This actually happened to me right now when reading the list of reasons why you like them: my brain only read the bolded bits and reading the rest felt like it would have required an active expenditure of effort, so I mostly didn't. (otoh, your list of reasons for why some people dislike them, didn't use bolding in that way, so that was straightforward to read in its entirety)

[-]Zvi80

How does your brain respond to italics? I've been using italics aggressively but bold only in extreme cases, for related reasons.

I think that italics don't jump out the way bold does (and I haven't noticed an issue with bold either, except in the specific context of bullet points).

I updated the OP to use italics instead of bold. Not sure if the experiment is ruined by this point since you've read it already, but curious how it feels.

It definitely felt easier to read the entire post now, though I don't know how much it being my Nth read was a factor in that.

Yeah, this seems important to think about. I'm not sure if it actually changes my sense of whether that's bad, or not.

If I'm writing a bullet list and using the "first chunk is bold, rest of paragraph is not" technique, then it definitely matters that the rest of the paragraph actually be optional. Maybe if it's actually optional, it should be a strong signal that I should just trim it out completely? Dunno.

In the case of this post, do you think you'd have preferred to read the entire text (i.e. if I hadn't bolded anything)? If I had just only included the bold parts in the first place would that have been better?

Maybe if it's actually optional, it should be a strong signal that I should just trim it out completely?

In this "Optional" means "some readers don't have to read this, while others do". For any given reader there should be a fact of the matter as to whether they should read nested details and they should know what it is.

Would it help to label nested sections with their type? Stuff like "supporting argument", "clarification", "related parenthetical information"

A little hard to say, but I think that I would have preferred reading the whole post, since the non-bold points did add some relevant detail that helped me evaluate your claims (ironically, probably the most valuable-feeling additional detail was in the "Prose often adds unnecessary cruft" bullet, where the 2x-3x was a nicely specific quantification and I would otherwise have been unsure exactly how much cruft you were thinking of).

If you're informing me of something I prefer bullets. If you're persuading me of something I prefer paragraphs. I find that bullet points lose out on the ability to include story type data that my system 1 responds to. My ideal world would be each article started with bullets for if it's something I already mostly agreed with and ended with stories about it for if it was something I'd need convincing of.

I find that bullet points lose out on the ability to include story type data that my system 1 responds to.

That's an advantage, in my opinion. I have a habit of turning articles into bullet point summaries, and I've found that the more difficult something is to turn into a bullet-point summary, the less actual content there is in the article. Ease of transformation into bullet points is a quick, yet remarkably effective heuristic to distinguish insight from insight porn.

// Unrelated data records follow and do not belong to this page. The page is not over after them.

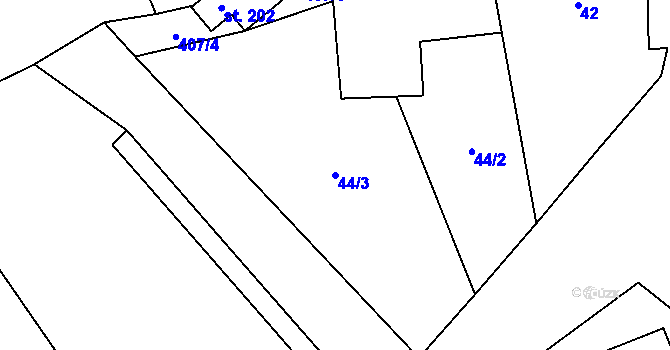 Parcela st. 44/3 v KÚ Chotělice, Katastrální mapa
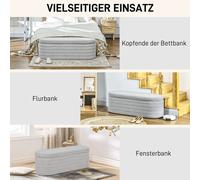 Banquette de lit HOMCOM avec espace de stockage pieds en bois tissu Teddy-Fleece haute stabilité 116x41x40.5cm grise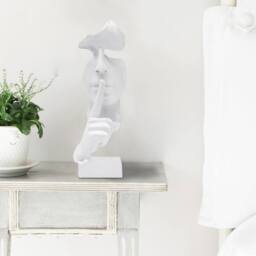 Huhote Resin Thinker Ponder Abstract Art Sculpture Home Office Desk Decor in White - thumbnail 4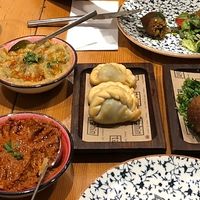 falafel, muhammara, baba ganoush, spinach sambousek, kibbeh & fattoush at Tahin  in Istanbul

This is an interesting point.

In the LW2.0 context, where mods draw a distinction between "explaining" and "persuading", I think it's worth noting that a good explanation can still rely on story-type-data to illustrate concepts, even if it's trying to let you ultimately make up your own mind about it.

This is tangental, but since you brought it up, I find the distinction you try to make between "explaining" and "persuading" weird, because what is "explaining" but persuading the reader to believe something, and the extent to which you've successfully explained something is the extent to which you've persuaded them to take up the same belief you have that the evidence and conclusions you draw from it are as you presented them. That is, all writing is persuasive writing.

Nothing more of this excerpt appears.